Back in Los Angeles, I followed up my creativity presentation with a brief talk on visual images of Gestalt therapy with no idea that it was the beginning of what became the video, "What’s Behind the Empty Chair?" It was through the encouragement of Todd Burley in particular that I began to think about how complex Gestalt theory is and how visual images might help students and trainees integrate the theory.

The 25th anniversary Summer Residential was held in a 10th Century castle outside Barcelona. I had always wanted to see the Gaudi architecture and was very excited about attending. It was my second year in the Supervision Practicum. I was doing more supervision in Los Angeles and felt the program was really supporting my work. I was also learning more about different cultures which led to my starting a group in Los Angeles for people who had emigrated from other parts of the world.

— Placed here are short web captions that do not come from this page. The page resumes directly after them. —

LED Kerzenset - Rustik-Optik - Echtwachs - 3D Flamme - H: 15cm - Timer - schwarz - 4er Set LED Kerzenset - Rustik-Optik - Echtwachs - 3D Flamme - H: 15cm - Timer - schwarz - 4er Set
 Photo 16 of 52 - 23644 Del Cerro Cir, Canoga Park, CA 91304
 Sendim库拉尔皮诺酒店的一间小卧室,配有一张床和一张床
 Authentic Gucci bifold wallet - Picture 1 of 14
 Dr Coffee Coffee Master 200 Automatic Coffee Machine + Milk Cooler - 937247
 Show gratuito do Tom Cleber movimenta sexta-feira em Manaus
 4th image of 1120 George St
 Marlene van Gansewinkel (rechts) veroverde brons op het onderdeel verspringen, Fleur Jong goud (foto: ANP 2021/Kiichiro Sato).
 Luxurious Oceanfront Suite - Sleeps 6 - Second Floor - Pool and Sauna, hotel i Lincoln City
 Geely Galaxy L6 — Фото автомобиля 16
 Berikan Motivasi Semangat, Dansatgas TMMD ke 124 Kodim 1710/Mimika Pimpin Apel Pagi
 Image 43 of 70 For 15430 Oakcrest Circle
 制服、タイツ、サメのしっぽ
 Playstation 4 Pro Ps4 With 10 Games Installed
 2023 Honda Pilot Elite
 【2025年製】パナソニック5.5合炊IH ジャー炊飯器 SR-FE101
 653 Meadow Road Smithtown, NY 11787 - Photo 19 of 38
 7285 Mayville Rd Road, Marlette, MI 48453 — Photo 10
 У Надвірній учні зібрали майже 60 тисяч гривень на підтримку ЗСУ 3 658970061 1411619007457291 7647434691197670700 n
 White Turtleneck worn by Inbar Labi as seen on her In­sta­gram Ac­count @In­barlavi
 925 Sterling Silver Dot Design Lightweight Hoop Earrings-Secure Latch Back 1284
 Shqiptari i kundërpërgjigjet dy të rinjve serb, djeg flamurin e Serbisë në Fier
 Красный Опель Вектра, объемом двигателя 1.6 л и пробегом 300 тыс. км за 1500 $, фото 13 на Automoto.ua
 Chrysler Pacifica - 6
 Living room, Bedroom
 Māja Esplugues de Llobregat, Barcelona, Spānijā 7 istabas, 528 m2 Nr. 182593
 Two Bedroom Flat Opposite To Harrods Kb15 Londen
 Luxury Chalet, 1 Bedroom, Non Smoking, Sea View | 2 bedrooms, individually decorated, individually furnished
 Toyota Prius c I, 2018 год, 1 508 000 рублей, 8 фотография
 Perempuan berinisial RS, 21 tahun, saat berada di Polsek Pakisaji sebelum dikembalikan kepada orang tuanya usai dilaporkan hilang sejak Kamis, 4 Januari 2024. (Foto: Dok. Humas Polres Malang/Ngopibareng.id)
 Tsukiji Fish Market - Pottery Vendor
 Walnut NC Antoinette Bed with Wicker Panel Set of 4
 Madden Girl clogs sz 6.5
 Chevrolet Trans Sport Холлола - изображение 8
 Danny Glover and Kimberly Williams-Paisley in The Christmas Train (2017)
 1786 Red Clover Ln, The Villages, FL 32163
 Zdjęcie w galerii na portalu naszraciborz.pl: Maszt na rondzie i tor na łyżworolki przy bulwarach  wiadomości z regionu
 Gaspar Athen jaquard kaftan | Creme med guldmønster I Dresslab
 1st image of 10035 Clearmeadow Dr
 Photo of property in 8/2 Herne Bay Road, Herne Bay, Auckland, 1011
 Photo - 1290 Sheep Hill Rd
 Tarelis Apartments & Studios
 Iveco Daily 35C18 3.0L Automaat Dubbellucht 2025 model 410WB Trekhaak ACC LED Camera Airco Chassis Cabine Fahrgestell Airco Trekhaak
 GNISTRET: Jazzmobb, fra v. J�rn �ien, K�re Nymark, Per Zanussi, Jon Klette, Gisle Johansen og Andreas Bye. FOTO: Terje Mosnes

In 1997, the faculty invited me to be a Trainer Assistant. This program was created at the Summer Residential in Rorschach to give more advanced training experiences to those who doing training in their home countries. I continued to be a Trainer Assistant in Vevey (Switzerland), Yenne (France), and Eretria (Greece), as well as in the local training program and was accepted as a faculty member last year. For our 30th anniversary year, I look forward to returning to Spain, this time near the Guggenheim museum.

The training faculty has always been supportive of the growth of participants, both personally and professionally, from the basic program, through clinical and supervision practicums, trainer assistants and the faculty itself. A great deal of attention is given to the internal supports of each participant and the challenge of each level of the training program. Participants who want to be certified are supported through the process. The interest of the faculty is in the learning process and in participants developing their own style of Gestalt therapy.

The intensive training in Gestalt therapy has had a profound effect on my work as a therapist and supervisor. In addition, becoming a part of an international community of colleagues and developing meaningful personal relationships has provided opportunities to visit colleagues and friends and become a part of a world much larger, and much smaller, than I ever thought possible.


A Scandinavian Perspective

Vebeke Larsen
Albertslund, Denmark
vibekela@worldonline.dk

I think it is really a chance to have the program and idea of the Summer Residential out to a broader community. But I must admit that it is difficult for me to distinguish what I have specificly learned from the Summer Residentials separated from my further gestalt training and personal therapy. For me it has been a consecutive development, that still is going on, and very often for me, what I have learned intellectually at one time first really gets personally integrated afterwards and the other way round. Fortunately we have here in Denmark a living gestalt community and good supervision and training possibilities.

So I have to answer your questions more generally. My 4 participations in the Summer Residentials have contributed to strengthening and consolidating of both the theoretical and the practical part of gestalt therapy as well as the personal therapy gave me a good step forward. I for my parts returned, because I found, that the Summer Residentials still had much to give me, and that it was good to meet people. This meeting gestalt people from all over the world, I found is a very good and very important thing.

All together the Summer Residentials have contributed to that I now work full-time as gestalt therapist in a well-going private practice.